*** The data Section Begins ***

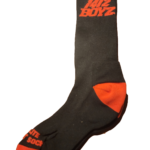 Next Level Socks "1412 Boys"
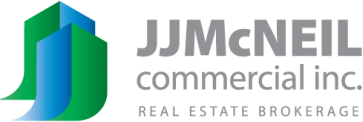 JJ McNeil Commercial Inc.
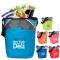 Sweet Spot Lunch Cooler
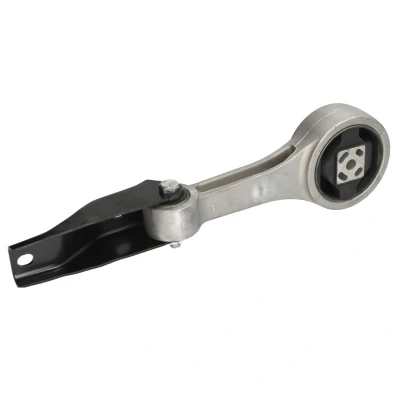 Abbildung von REINHOCH RH11 0138 Motorlager hinten SKODA: Fabia 2, VOLKSWAGEN: Polo V Hatchback, AUDI: A1 Hatchback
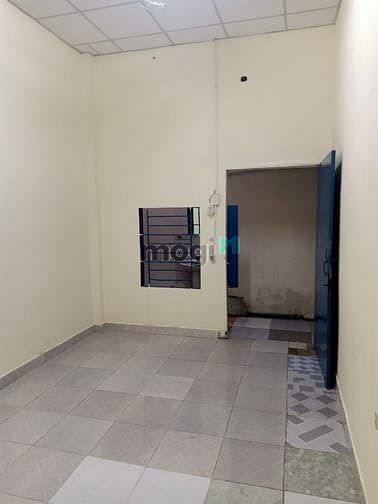 Hình ảnh Phòng trọ Quận 7 25m². Nguyễn Văn Linh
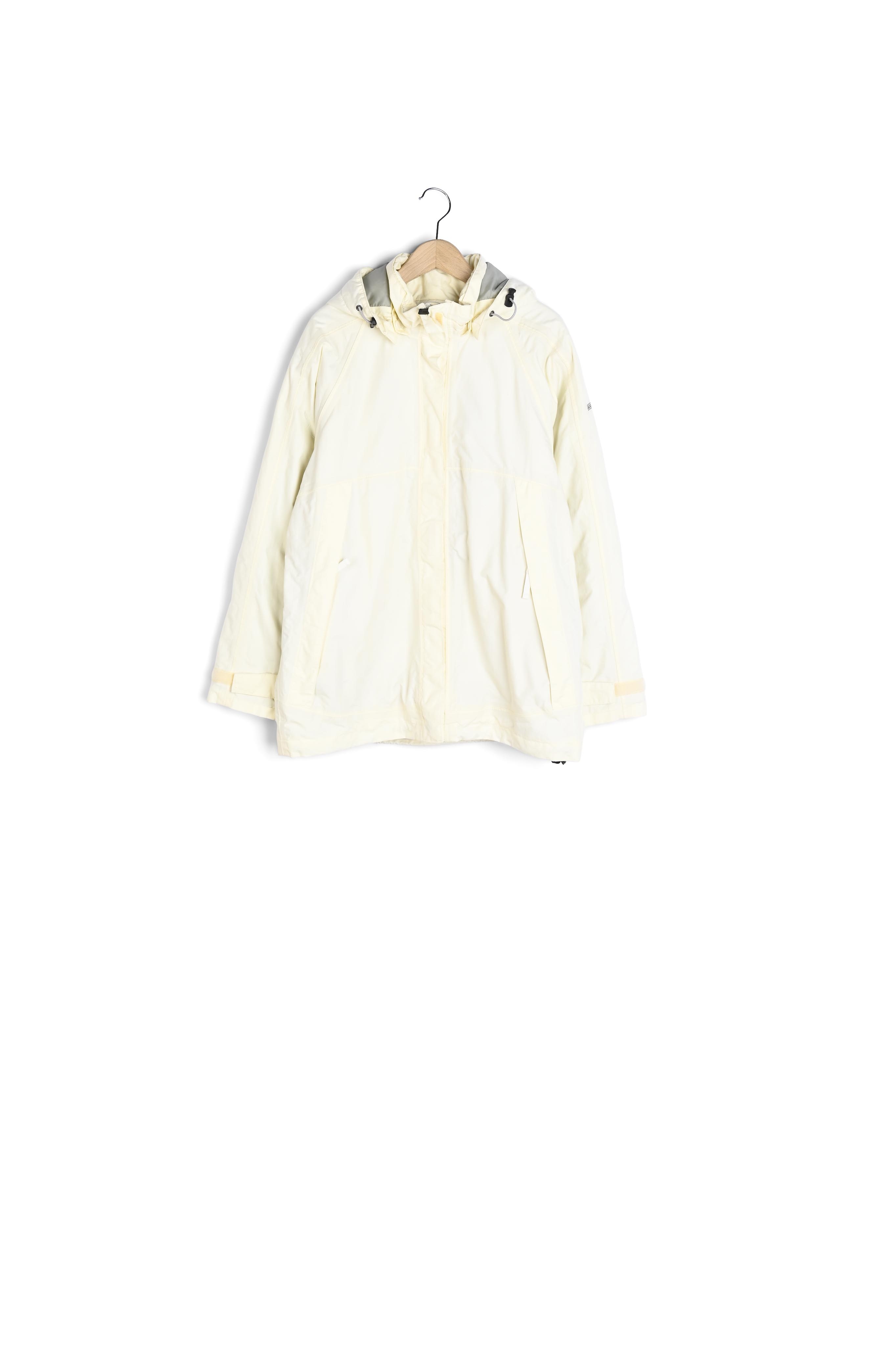 Parka en duvet MTD® Aigle seconde main photo 1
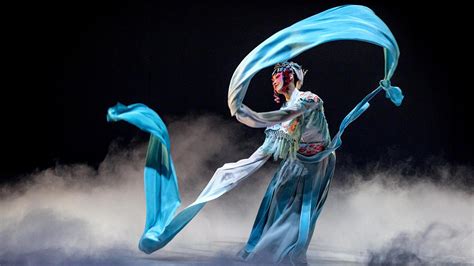 北京中關(guān)村抖音舞蹈班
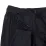 Мужские Брюки JORDAN MJ DF SPRT STMT AIR FLC PANT Черный M (7dDQ7320-010 M) - 2 - Robinzon.ua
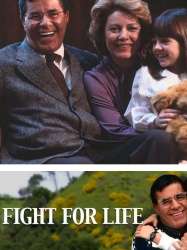 Fight for Life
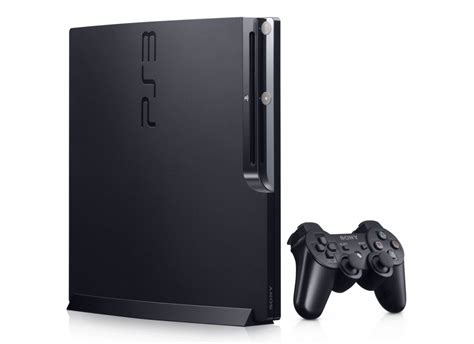 Sony PlayStation 3 320GB, all sony games, sony game, games&toys, games, all games Sony 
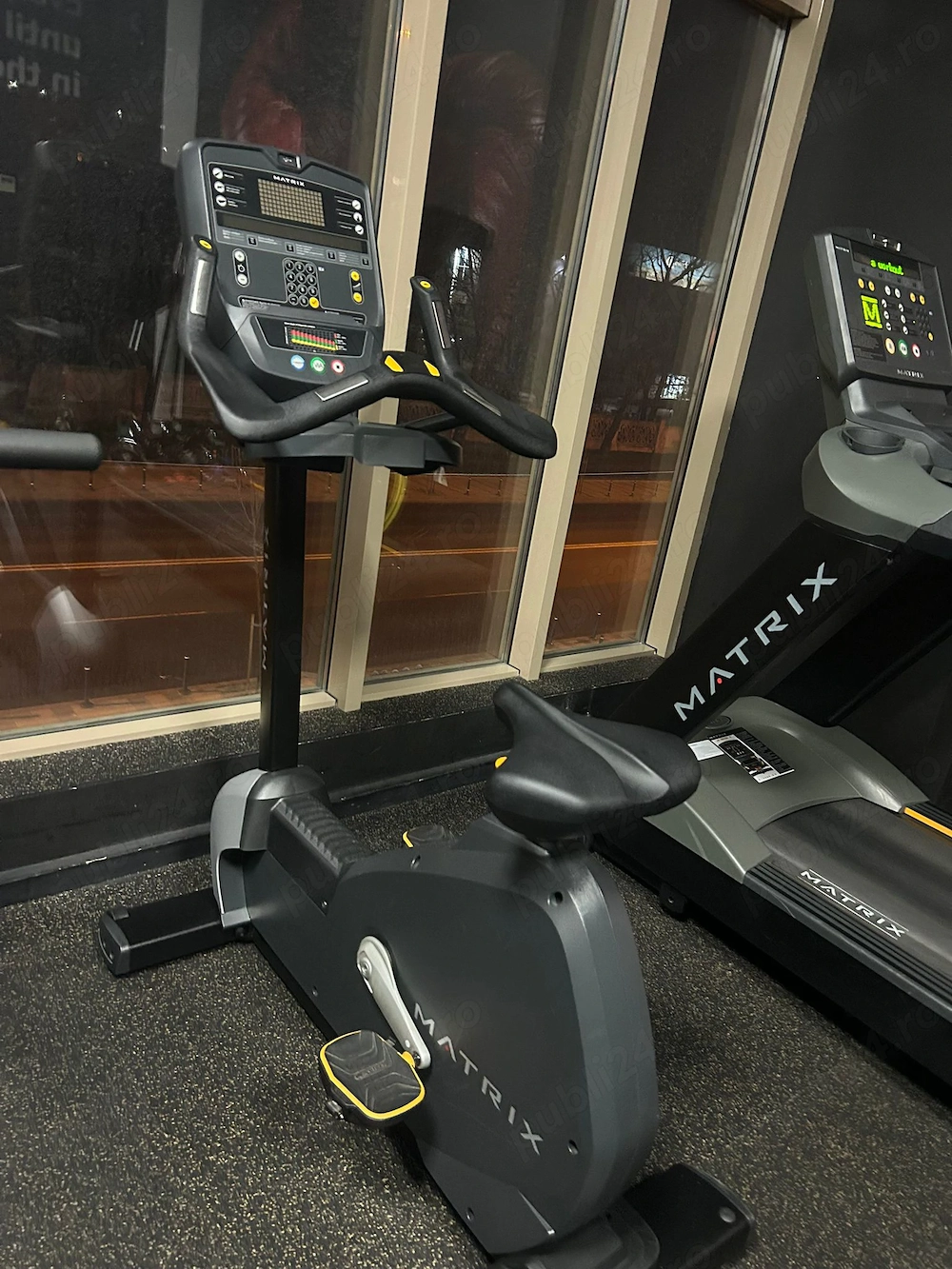 Ofertă Aparate Fitness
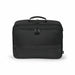 Чанта за лаптоп Dicota D32032-RPET Черен 16’’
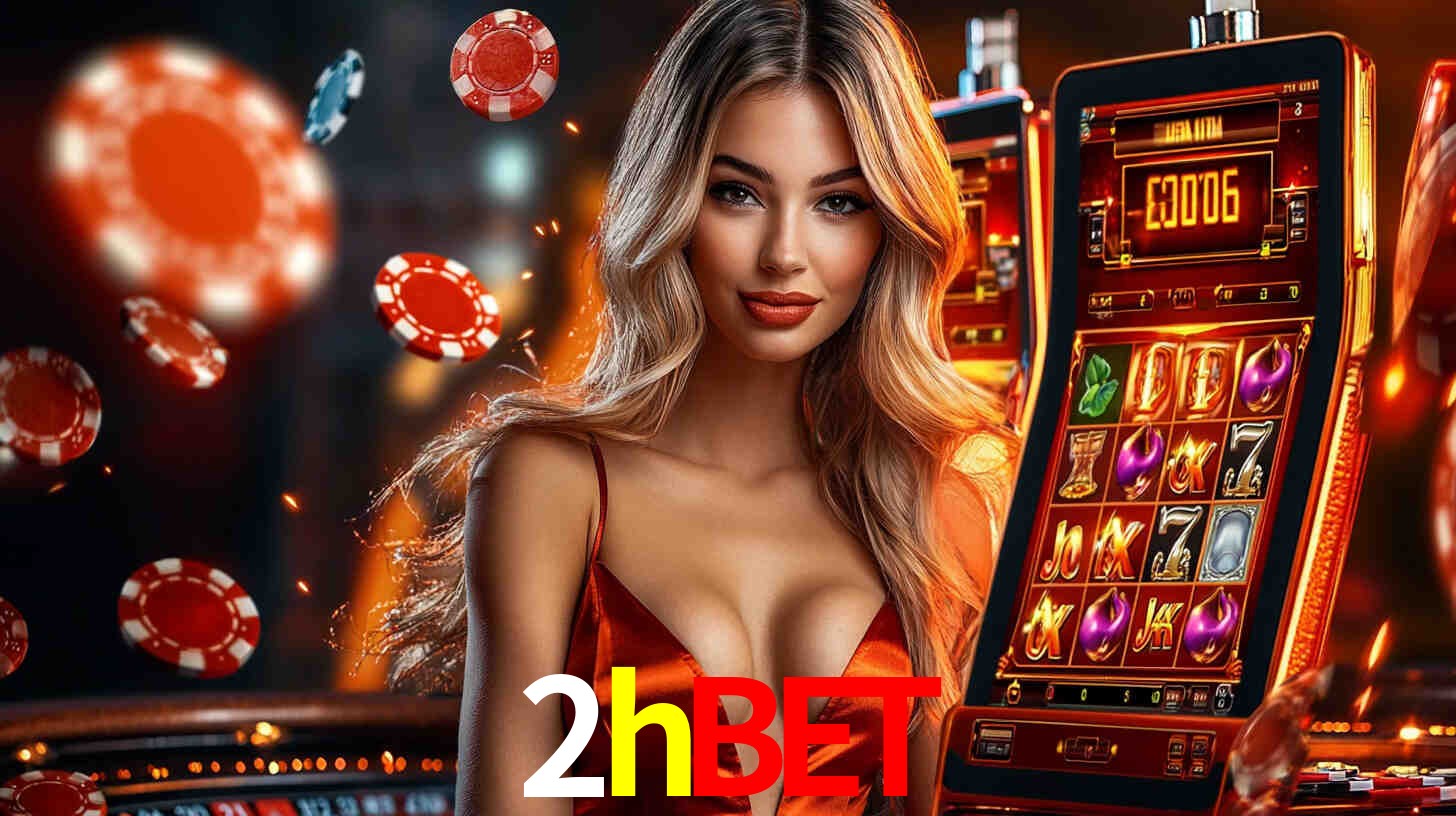 2hbet.com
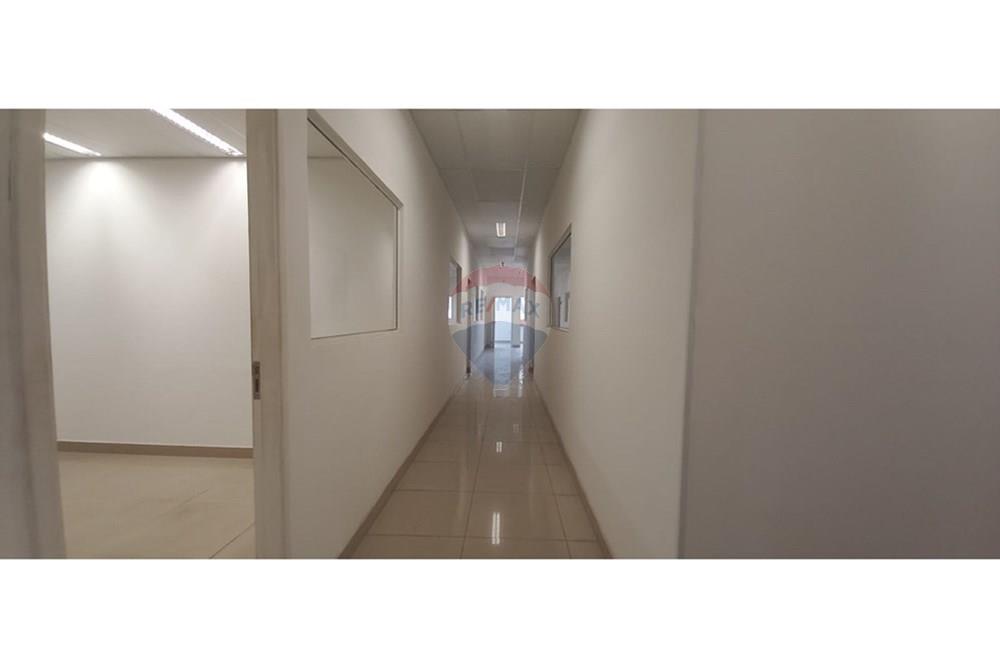 Galpão - Alugar - Campinas , São Paulo - Imagem do WhatsApp de 2025-02-19 à(s) 14.23.03_2d9bce16.jpg - 691181018-19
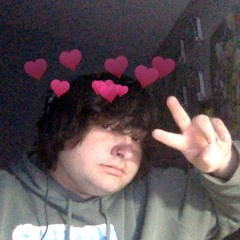 lilt0kyo (@lilt0kyoo)
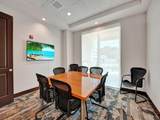 99 Mizner Boulevard - Photo 31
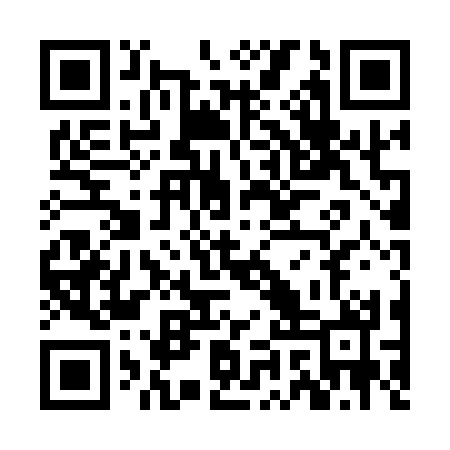 QR code for ZIP130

*** The data Section Ends ***

Your goal
Pictures don't belong in the copy. Transcribe every record exactly as it appears.

Output for this exercise
 Next Level Socks "1412 Boys"
 JJ McNeil Commercial Inc.
 Sweet Spot Lunch Cooler
 Abbildung von REINHOCH RH11 0138 Motorlager hinten SKODA: Fabia 2, VOLKSWAGEN: Polo V Hatchback, AUDI: A1 Hatchback
 Hình ảnh Phòng trọ Quận 7 25m². Nguyễn Văn Linh
 Parka en duvet MTD® Aigle seconde main photo 1
 北京中關(guān)村抖音舞蹈班
 Мужские Брюки JORDAN MJ DF SPRT STMT AIR FLC PANT Черный M (7dDQ7320-010 M) - 2 - Robinzon.ua
 Fight for Life
 Sony PlayStation 3 320GB, all sony games, sony game, games&toys, games, all games Sony 
 Ofertă Aparate Fitness
 Чанта за лаптоп Dicota D32032-RPET Черен 16’’
 2hbet.com
 Galpão - Alugar - Campinas , São Paulo - Imagem do WhatsApp de 2025-02-19 à(s) 14.23.03_2d9bce16.jpg - 691181018-19
 lilt0kyo (@lilt0kyoo)
 99 Mizner Boulevard - Photo 31
 QR code for ZIP130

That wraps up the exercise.